Alkenes are hydrocarbons with carbon- carbon double bonds. These are also known as olefins. Ethene is the simplest alkene molecule, having two carbons and four hydrogens. It has one carbon- carbon double bond, and the molecular formula is C2H4.
H2C = CH2
When naming the alkenes, “ene” is used instead of “ane” in the end of the name of alkane. The longest carbon chain containing the double bond should be taken and the numbering should be done in a way, to give the minimum number to the double bond. The physical properties of alkenes are similar to the corresponding alkanes. Normally, the alkenes having low molecular weights are in the gaseous form at room temperature. For example, ethane and propene are gases. Alkenes are relatively non-polar molecules; therefore, they dissolve in nonpolar solvents or solvents with very low polarity. Alkenes are slightly soluble in water. Density of alkenes is less than water. Alkenes undergo addition reactions due to its double bonds. For example, in the hydrogenation reaction, two hydrogens are added to the double bond and making the alkene to corresponding alkane. This reaction speeds up in the presence of a metal catalyst. In an addition reaction like this, if the adding reagent is added to the same side of the molecule, it is called a syn addition. If the addition is on opposite sides, it is called an anti addition. Likewise, alkenes undergo various types of additions with molecules like halogens, HCl, water etc. The additions can be of Markonikov or anti- Markonikov type. Alkenes can be synthesized via elimination reactions. When considering the stability of alkenes, the more highly substituted the carbon atoms of the double bond, the greater is the stability. Alkenes may have diasterioisomers, therefore, can show sterioisomerism.
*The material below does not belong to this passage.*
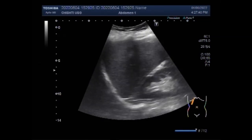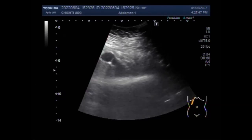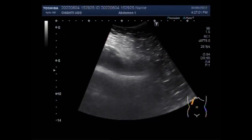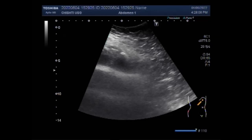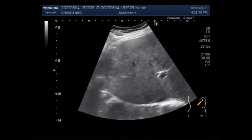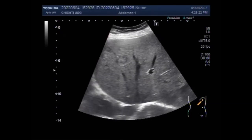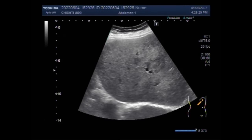Ultrasound imaging features of liver metastasis from the gastrointestinal tract include: bull's eye appearance, multiple masses, irregular tumor borders, arterial rim-like enhancement, and hypo-enhancement in the late vascular phase. A liver metastasis is a cancer tumor that has spread to the liver from a cancer that started elsewhere in the body, also called secondary liver cancer. Primary liver cancer originates in the liver and most commonly affects individuals with risk factors such as hepatitis or cirrhosis.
Hydrocarbon molecules with carbon- carbon triple bond are known as alkynes. The common name for this family is acetylenes. Ethylene is the simplest molecule in this family with two carbons and two hydrogens. It has the molecular formula of C2H2 and following is its structure.
H — C ≡ C — H
Alkynes are named in much the same way as alkenes. That is, they are named by replacing the “ane” with “yne” in the end of the name of the corresponding alkane. The chain is numbered to give the carbon atoms of the triple bond the lowest possible number. The physical properties of alkynes are similar to the corresponding alkanes. Normally, the alkynes having low molecular weights are in the gaseous form at room temperature. For example, ethyne is a gas. Alkynes are relatively non-polar molecules; therefore, they dissolve in nonpolar solvents or solvents with very low polarity. Alkynes are slightly soluble in water. Density of alkynes is less than water. Alkynes undergo addition reactions, due to its triple bonds. And they also can be synthesized by elimination reactions. The acetylenic hydrogen of alkyne is acidic in nature.
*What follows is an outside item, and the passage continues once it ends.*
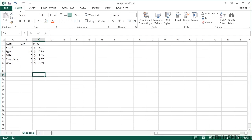An array is simply a posh word for a range or a limited number of cells. An array formula will allow you to work with ranges instead of just individual cells — not only to add up or work out averages, but to work with perhaps two ranges together and do some mathematical equations. It's best described with an example.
What is the difference between Alkenes and Alkynes?
• Alkenes have carbon- carbon double bonds, and alkynes have carbon- carbon triple bonds.
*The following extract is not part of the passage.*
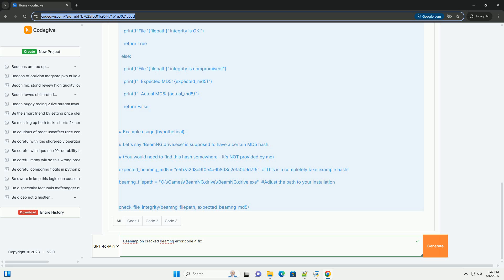Step 3: Firewall/Antivirus Exception. Add BeamMP to Exceptions: Configure your firewall and antivirus software to allow BeamMP — both the launcher and the client — to access the internet and interact with BeamNG.Drive files. Generally, you need to add BeamMP as a trusted program or create rules that allow its network traffic. As a troubleshooting step, temporarily disable your firewall and antivirus, then try launching BeamMP. If it works, the issue is firewall/antivirus interference. Re-enable your firewall/antivirus immediately after testing.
• Double bond carbons of alkenes are sp2 hybridized, and in alkynes, the triple bonded carbons are sp hybridized.
• Both alkenes and alkynes are slightly soluble in water. But alkynes are slightly more soluble in water than alkenes.
• Alkynes can be synthesized from alkenes via elimination reactions.
• The acetylenic hydrogen of alkyne is acidic, but in alkenes, the hydrogens bonded to double bonds are not acidic.